The Institute for Government is predicting that fuel duty is the most likely candidate for a tax cut in the Spring Budget.
The independent think tank said: ”Fuel duty is supposed to increase by 5p per litre on 23 March and then there is due to be a further inflationary increase in August.
”Given that these would be the first fuel duty increases enacted since January 2011, it seems likely that Hunt would include a further extension of the 5p fuel duty cut and cancellation of the inflation uprating in any package of tax cuts.”
Both the RHA and Logistics UK reiterated their calls this week for the Chancellor to maintain the current 5p per litre cut in fuel duty to protect hauliers from the continuing strain of increasingly narrow margins.
Other key demands from RHA include the temporary suspension of Vehicle Excise Duty on HGVs and the HGV Levy; an emissions-linked rebate on fuel duty on alternative fuels; an essential user rebate on fuel duty for commercial operators; and reform of business rates to support transport businesses operating warehouses.
Last year the RHA found that operating costs, excluding fuel, for a typical 44-tonne HGV increased almost 10% whilst the freight volumes decreased by 10%. This is on top of a 20% increase in 2022.

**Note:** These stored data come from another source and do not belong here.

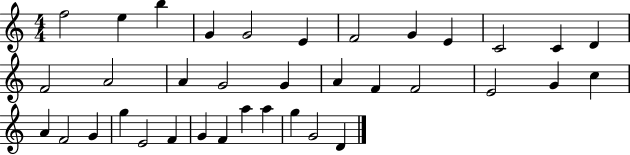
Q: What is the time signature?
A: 4/4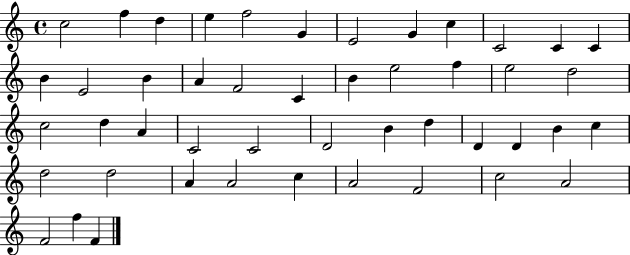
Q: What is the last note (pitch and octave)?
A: F4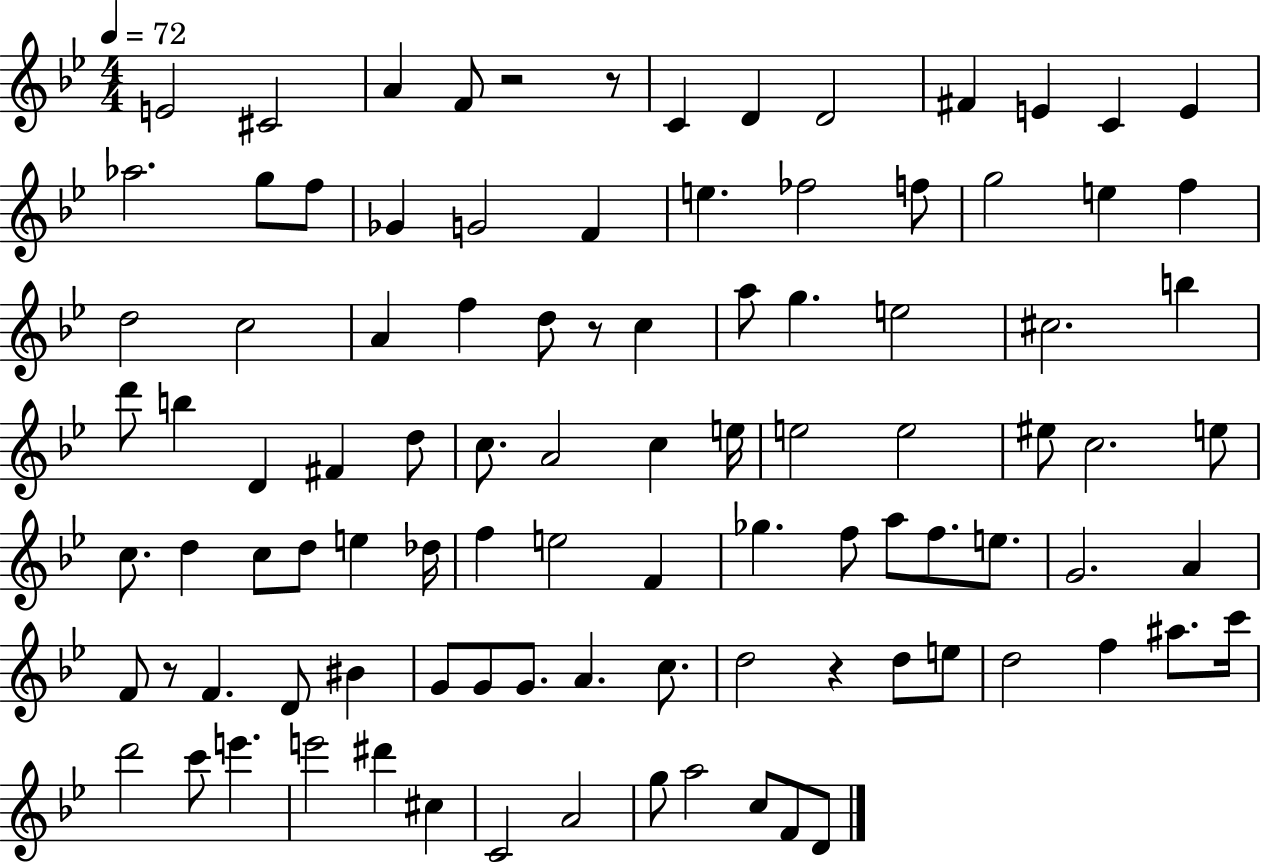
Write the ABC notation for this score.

X:1
T:Untitled
M:4/4
L:1/4
K:Bb
E2 ^C2 A F/2 z2 z/2 C D D2 ^F E C E _a2 g/2 f/2 _G G2 F e _f2 f/2 g2 e f d2 c2 A f d/2 z/2 c a/2 g e2 ^c2 b d'/2 b D ^F d/2 c/2 A2 c e/4 e2 e2 ^e/2 c2 e/2 c/2 d c/2 d/2 e _d/4 f e2 F _g f/2 a/2 f/2 e/2 G2 A F/2 z/2 F D/2 ^B G/2 G/2 G/2 A c/2 d2 z d/2 e/2 d2 f ^a/2 c'/4 d'2 c'/2 e' e'2 ^d' ^c C2 A2 g/2 a2 c/2 F/2 D/2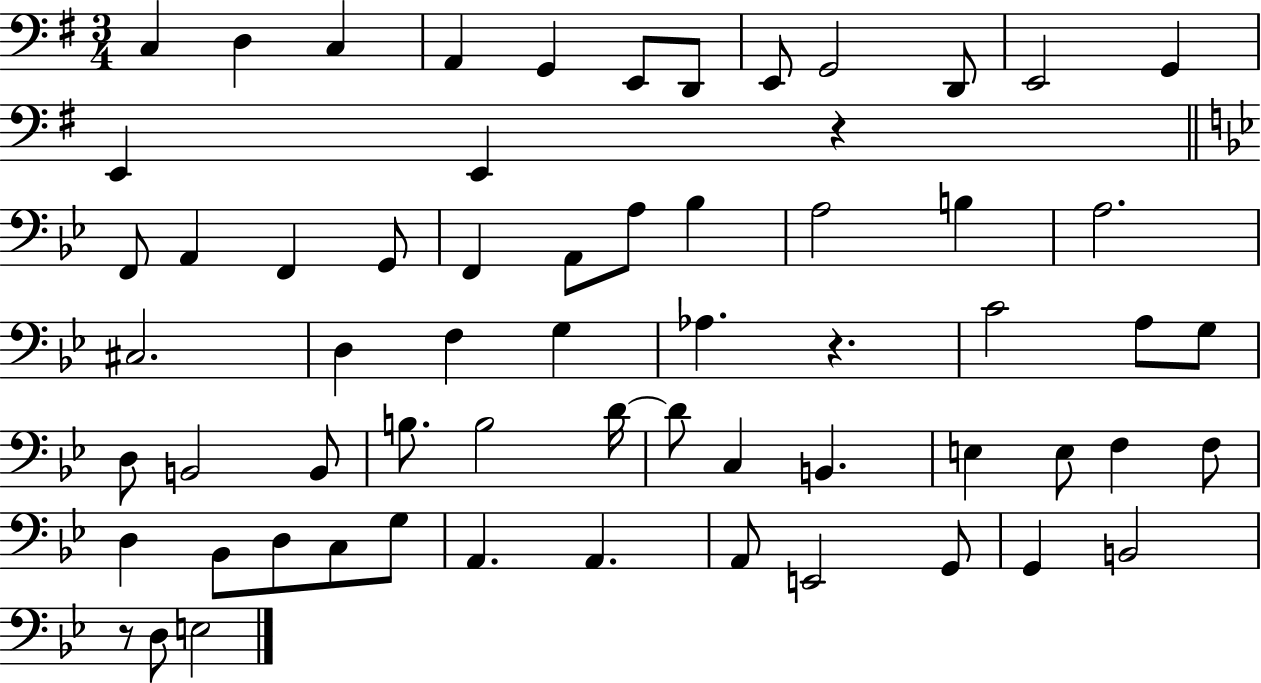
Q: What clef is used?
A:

It warned: ”Rising costs and complicated regulation has resulted in record numbers of hauliers going insolvent. In the previous 12 months alone more than 450 businesses in this sector collapsed, more than double the number a year prior. This is not sustainable, and the industry needs support.”
Paul Holland, Fleetcor UK/ANZ managing director, said this week that the Spring Budget should offer incentives to help fleet operators make the switch from diesel to cleaner forms of energy but added that he did not hold out much hope that this will happen, particularly as the current government will be looking to offer short term benefits to win votes in the upcoming General Election.
He commented that ”significant parts of the UK’s fleet of smaller vehicles [are] running on electric drivetrains thanks to tax incentives, grants and loans for EVs.
”If something similar could happen for larger vehicles, then UK businesses could potentially save millions on fuel at a time when the logistics and haulage industry is suffering. Those savings would be passed on to retailers and consumers.”
“I wouldn’t advise haulage firms to hold their breath on this. This may be the last budget before a general election, so I doubt the current Conservative government is going to commit to a major, green energy initiative into the transport space rather than go for short term incentives that might show favour with the electorate.
”Getting the UK’s transport system up to speed, whether that’s filling in potholes or building 21st century HGV infrastructure, doesn’t fulfil either need, even though it would have tangible benefits to literally everyone in the UK and create thousands of new high-tech jobs.
“Instead, the UK’s haulage industry will likely be going it alone. While a reduction in fuel duty or even VAT on fuel is possible and would be welcome, the industry likely won’t be getting the kind of strong leadership that will allow it to transition away from fossil fuels.”
The AA is pushing for the government to maintain the freeze in fuel duty and equalise VAT for on-street EV charging to match domestic energy rates.
The organisation is also lobbying against any increase above inflation on Vehicle Excise Duty (VED), and is calling for the VED rates applied to EVs from 2025 to remain lower than for petrol and diesel vehicles to act as an incentive.
Meanwhile the SMMT said the upcoming Spring Budget should encourage the adoption of EVs by halving VAT on new EVs, changing upcoming VED rates so EVs are treated as essentials, not luxuries, and giving drivers more affordable public charging.
SMMT’s research shows that a VAT cut on EVs is the single most effective measure that would encourage drivers to go electric sooner.
Mike Hawes, SMMT chief executive, said: “The Budget is a crucial opportunity to re-energise the EV market, with fair tax for a fair transition.
“The Chancellor must end the perverse fiscal system that discourages drivers from moving away from fossil fuels and send a clear signal that the time to go electric is now.
“Success will see our economy powered up by zero emission mobility, delivering cleaner air, quieter roads and cheaper running costs, ending the uncertainty we are seeing amongst motorists.”